Was Nehru more responsible than Jinnah for Partition?

Update: 2026-01-25 08:15 IST

The question is unsettling. It resists comfort and refuses the ease of inherited certainties. Yet, on Republic Day, when India commemorates the Constitution born in the aftermath of the 1947 partition, the question of who was responsible for India’s partition finds voice once again.

The Partition of India in 1947, as the recently released biography of former Law Minister “No Regrets: The Life and Times of Asif Pasha”, observes, “remains one of the most painful and divisive chapters in the subcontinent’s history.”

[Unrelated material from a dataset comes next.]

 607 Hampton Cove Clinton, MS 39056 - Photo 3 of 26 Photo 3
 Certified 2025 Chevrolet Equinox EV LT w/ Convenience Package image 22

Written by veteran journalist J.S. Ifthekhar and published by Media Plus Foundation, the biography is a richly produced, multi-colour volume spanning over 250 pages, the book chronicles not only the life of a statesman who wore many hats, but also offers rare, first-hand reflections on defining moments in India’s political history.

Conventional wisdom, and much of post-independence historiography, has placed the burden of blame almost entirely on Muhammad Ali Jinnah. But this biography urges the reader to pause. Through the recollections of former Law Minister Asif Pasha, who-4 - as the author notes - followed the political upheavals of the 1940s with uncommon attentiveness as a young political student, the book reopens the debate around India’s partition.

Asif Pasha drew upon ‘What Price Freedom’ by Muslim League MLA Mohammed Raza Khan, and ‘India Wins Freedom’ by Maulana Abul Kalam Azad to argue that “a more accommodating and federal approach by the Congress leadership, especially Nehru, might have prevented the Partition.” The Cabinet Mission Plan of 1946 embodied precisely such an approach - a united India with strong provincial autonomy. Jinnah accepted it. Jawaharlal Nehru’s public assertion that the Constituent Assembly would not be bound by prior agreements “effectively nullified the compromise and pushed Jinnah to revert to the demand for Pakistan”, notes the book.

Maulana Azad would later write with striking candour that this moment destroyed the last real chance for unity. His warnings about alienation and the dangers of rigidity were ignored, even as dissenting voices within the Congress were sidelined, observed Asif Pasha, having served as the Minister of Law, Prisons and Printing Press for Andhra Pradesh when Indira Gandhi was the Prime Minister of India.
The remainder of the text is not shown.